| WHAT NEEDS TO BE DONE |
Copy the complete listing word for word, but do not carry over any images.

────

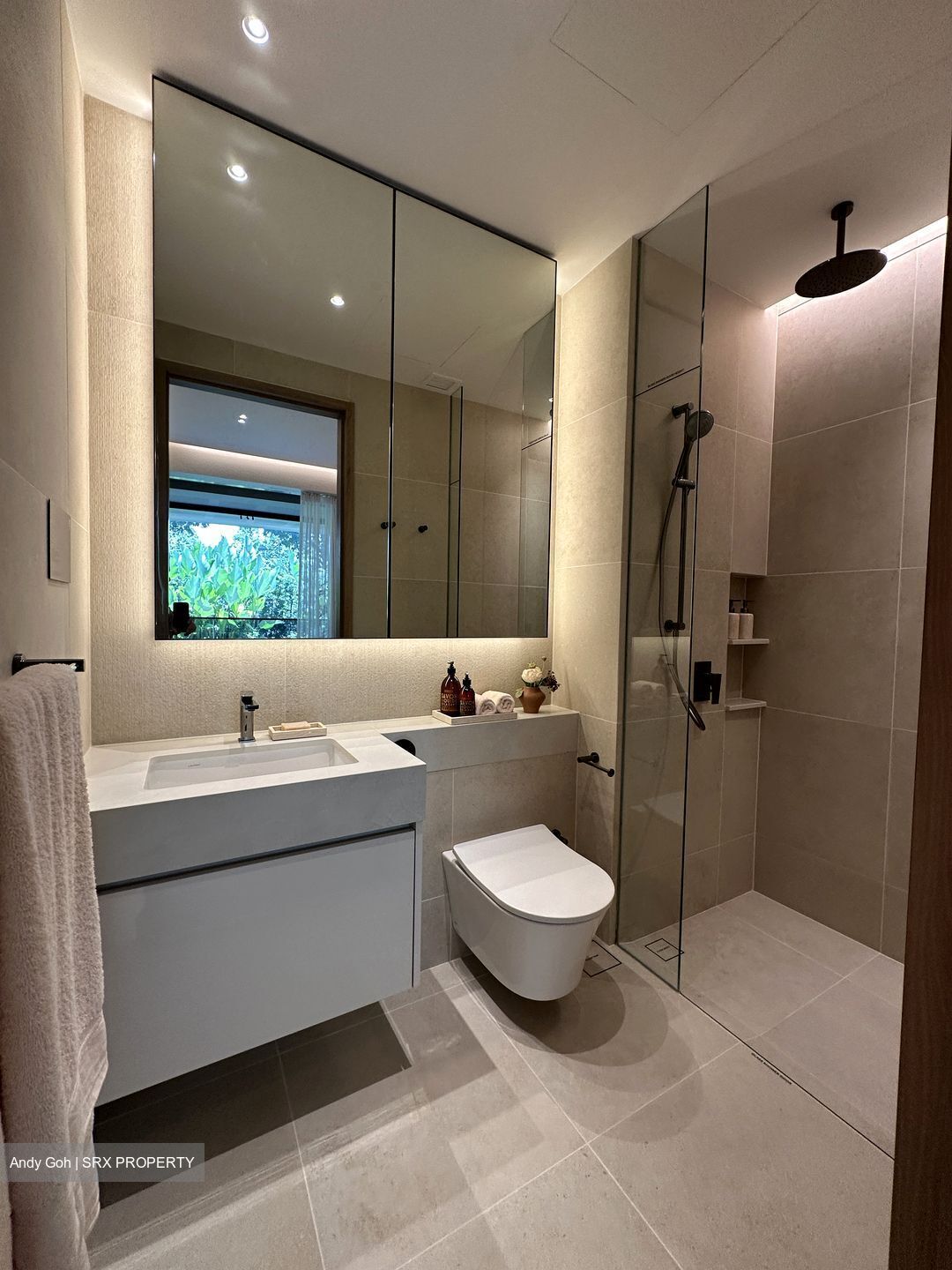 Beach Road (D7), Condominium #589305671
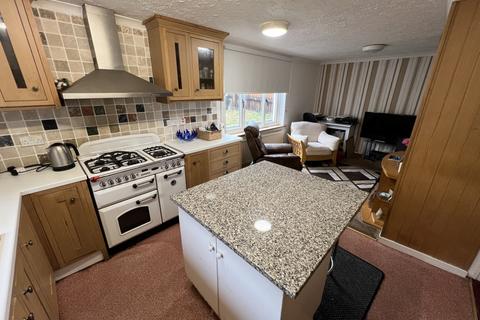 2 Highlands Close, Tonyrefail, Porth, CF39 8NL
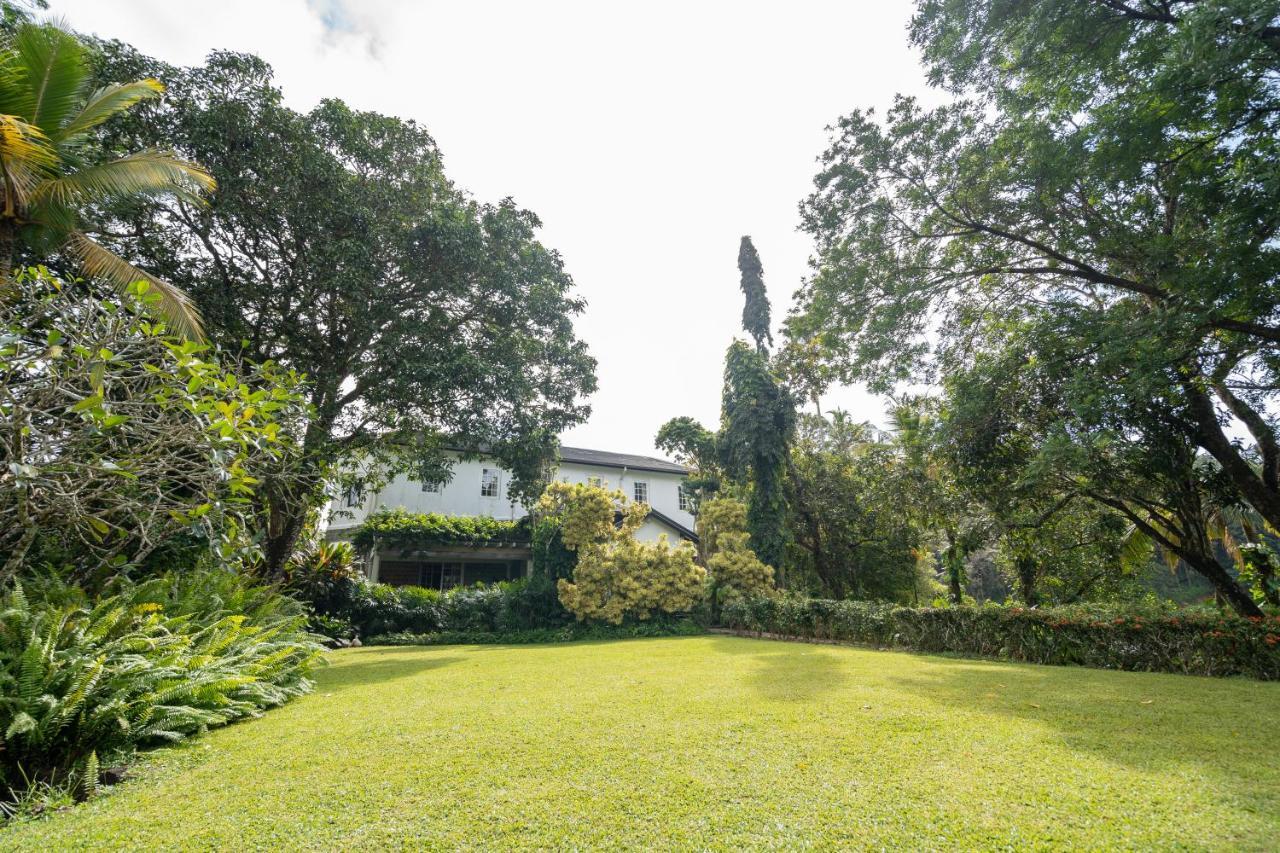 Glenross Living - A Collection Of 7 Private Pool Villas And 3 Colonial Suites Kalutara Bagian luar foto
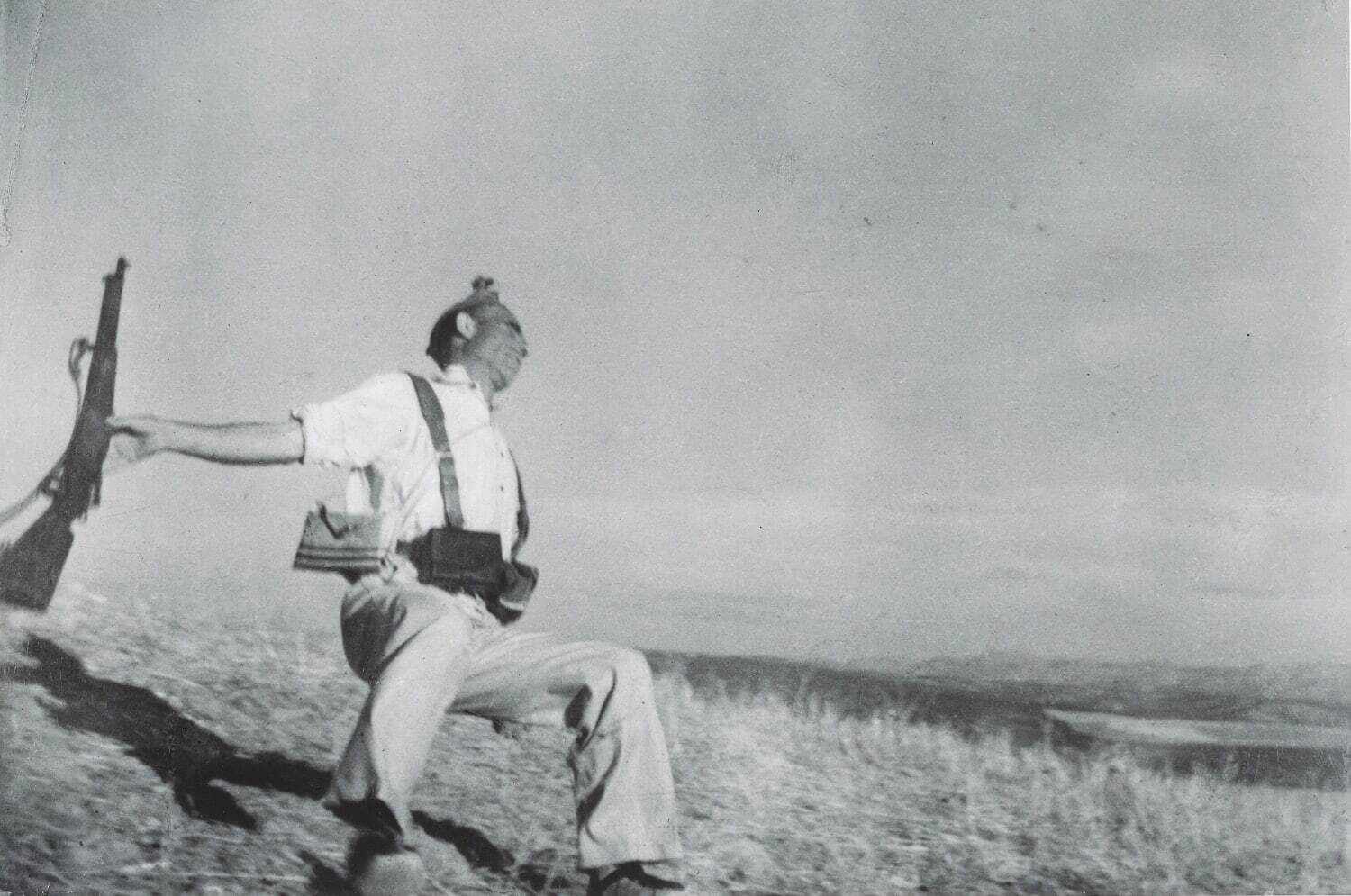 ロバート・キャパ 《共和国軍兵士の死(崩れ落ちる兵士)、エスペホ近郊、コルドバ戦線、スペイン》
1936年9月初旬 東京富士美術館蔵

────

| RESPONSE TO THE TASK |
 Beach Road (D7), Condominium #589305671
 2 Highlands Close, Tonyrefail, Porth, CF39 8NL
 Glenross Living - A Collection Of 7 Private Pool Villas And 3 Colonial Suites Kalutara Bagian luar foto
 ロバート・キャパ 《共和国軍兵士の死(崩れ落ちる兵士)、エスペホ近郊、コルドバ戦線、スペイン》
1936年9月初旬 東京富士美術館蔵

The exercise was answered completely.